Nous avons dit plus haut que les cultivateurs formaient la première classe au-dessous de la noblesse, et que la bourgeoisie des villes, c’est-à-dire la classe des marchands et des industriels, était presque au bas de l’échelle sociale, n’ayant guère au-dessous d’elle que les étas, parias du Japon, relégués au dernier rang parce que les métiers qu’ils exerçaient leur infligeaient, d’après les croyances religieuses du pays, une souillure indélébile. À côté des étas se plaçaient les christans, c’est-à-dire les chrétiens, ou pour parler plus exactement, les descendants des Japonais convertis jadis par saint François Xavier, par ses compagnons et par ses disciples. Depuis les persécutions ordonnées par Iyeyas et ses successeurs, ces familles auxquelles on n’a jamais pardonné de s’être attachées un instant, il y a plus de deux siècles, au culte apporté par les étrangers, sont encore tenues pour suspectes et on ne leur permet même pas de rendre librement à leurs morts les derniers devoirs, de crainte que quelques cérémonies de la religion proscrite ne viennent se glisser dans les honneurs qu’elles leur rendraient. Quand on voit persister si longtemps le massacre de ces malheureux qu’on avait déclarés les derniers chrétiens japonais, les persécutions contre leurs descendants, on a lieu de supposer que le christianisme avait jeté au Japon des racines plus profondes que ne l’assure le gouvernement, et l’on se dit que les shogouns avaient sans doute des raisons très graves pour craindre un nouveau réveil de la religion contre laquelle le grand Taïko Sama lui-même s’était reconnu impuissant.

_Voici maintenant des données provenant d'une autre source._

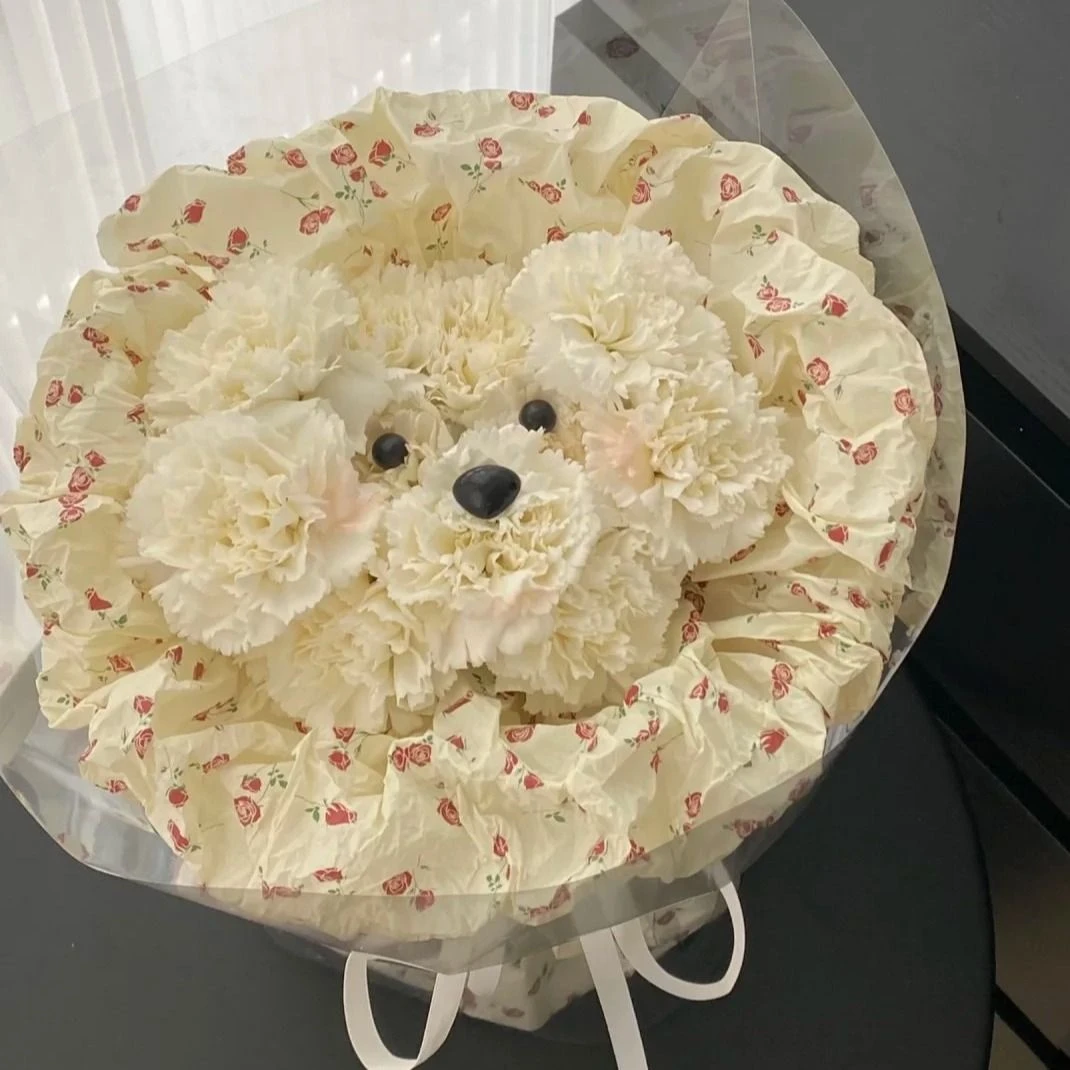 唯树【可爱小狗】创意趣味花束康乃馨狗狗花束见面纪念礼物送女友男友儿童学生同城花店小时达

La féodalité avait eu pour conséquences naturelles, en Europe, la création d’une foule innombrable d’associations, formées par les petits qui se liguaient entre eux pour être en état de défendre leurs intérêts contre la puissance formidable des princes et des seigneurs. La même cause a produit les mêmes effets dans l’extrême Orient. Rien ne nous rappelle plus complètement notre moyen âge que ce que nous lisons sur les corporations dans lesquelles sont engagés au Japon presque tous les gens du peuple. Il n’y a pas une industrie, pas un métier qui n’ait ses confréries ; les aveugles et les mendiants eux-mêmes ont les leurs, tout comme les jongleurs, les saltimbanques et les musiciens en plein vent.

M. Bousquet parle même d’une autre espèce d’associations formées entre gens de positions sociales très différentes, unis non pour défendre en commun des intérêts professionnels, mais pour s’aider et se soutenir mutuellement dans toutes les circonstances de la vie. Les pages consacrées à ces singulières associations par l’ancien fonctionnaire du gouvernement japonais ne rappellent plus dans notre esprit aucun souvenir historique ; elles nous feraient plutôt songer aux inventions les plus étranges de certains romanciers contemporains.